You need an **offline index builder** pipeline. In StellaOps terms, this is best treated like a feed exporter step (build-time), then shipped in the Offline Kit.

**Input set options** (choose one or mix):

1. “Golden base images” list (your fleet’s base images)
2. Distro repositories mirrored into the airgap (Deb/RPM/APK archives)
3. Previously scanned images that are allowed into the kit

**Generation steps**:

1. For each input image:

   * Extract rootfs in a deterministic path order.
   * Run OS analyzers (dpkg/rpm/apk) + native identity collection (ELF/PE/MachO).
2. Produce raw tuples:

   * `(build_id | uuid | codeview | sha256) → (purl, evidence)`
3. Deduplicate:

   * Canonicalize PURLs (normalize qualifiers order, lowercasing rules).
   * If the same key maps to **multiple distinct PURLs**, keep them all and mark as conflict (do not pick one).
4. Sort:

   * Sort by `(key.kind, key.value, purl)` lexicographically.
5. Serialize:

   * Emit line‑delimited JSON or a simple binary format.
   * Compress (zstd).
6. Compute digests:

   * `sha256` of each artifact.
   * `sha256` of concatenated `(artifact name + sha)` for a manifest hash.
7. Sign:

   * include in kit manifest and sign with the same process you use for other offline kit elements. Offline kit import in StellaOps validates digests and signatures. ([Stella Ops][3])

---

## 5) Runtime side: implement the layered resolver in Scanner Worker

### 5.1 Where to hook in

You want this to run after OS + language analyzers have produced fragments, and after native identity collection has produced binary identities.

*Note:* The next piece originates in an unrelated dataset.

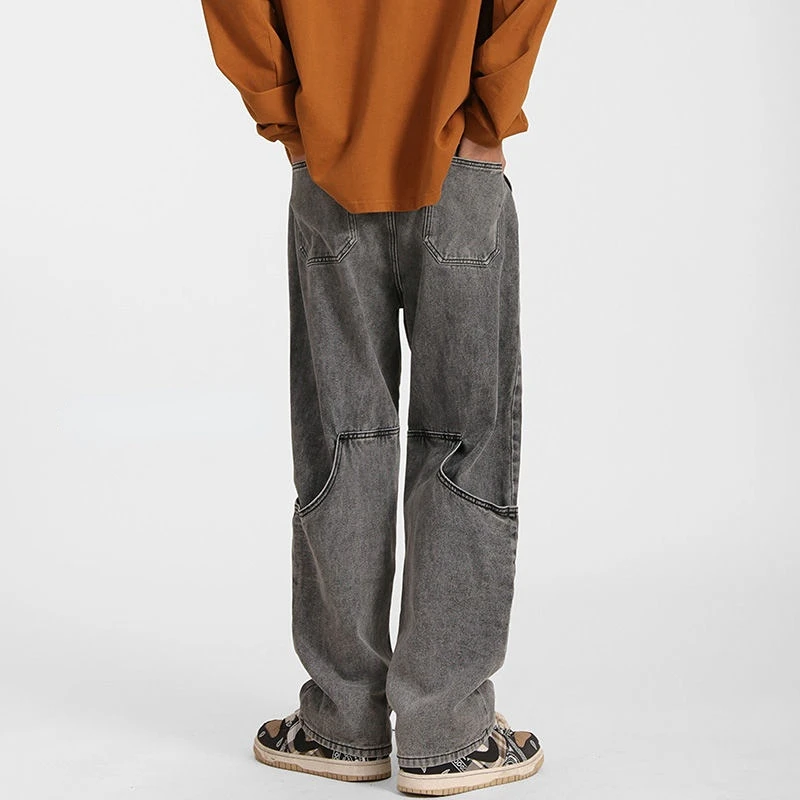 DEEPTOWN Patchwork Straight Jeans Men Streetwear Fashion Denim Pants Hip Hop Trousers Male Loose Casual Jananese Spring Plus 5XL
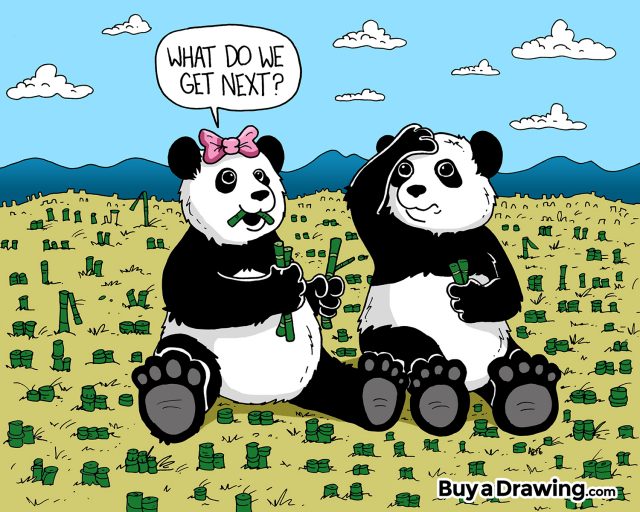 Cartoon Drawing of Pandas Eating a Field of Bamboo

Scanner Worker already executes analyzers and appends fragments to `context.Analysis`. ([Gitea: Git with a cup of tea][4])

Scanner module responsibilities explicitly include OS, language, and native ecosystems as restart-only plug-ins. ([Gitea: Git with a cup of tea][6])
So implement binary mapping as either:

* part of the **native ecosystem analyzer output stage**, or
* a **post-analyzer enrichment stage** that runs before SBOM composition.

I recommend: **post-analyzer enrichment stage**, because it can consult OS+lang analyzer results and unify decisions.

### 5.2 Add a new ScanAnalysis key

Store collected binary identities in analysis:

* `ScanAnalysisKeys.NativeBinaryIdentities` → `ImmutableArray<BinaryIdentity>`

And store mapping results:

* `ScanAnalysisKeys.NativeBinaryMappings` → `ImmutableArray<BinaryMappingResult>`

### 5.3 Implement the resolver pipeline (deterministic ordering)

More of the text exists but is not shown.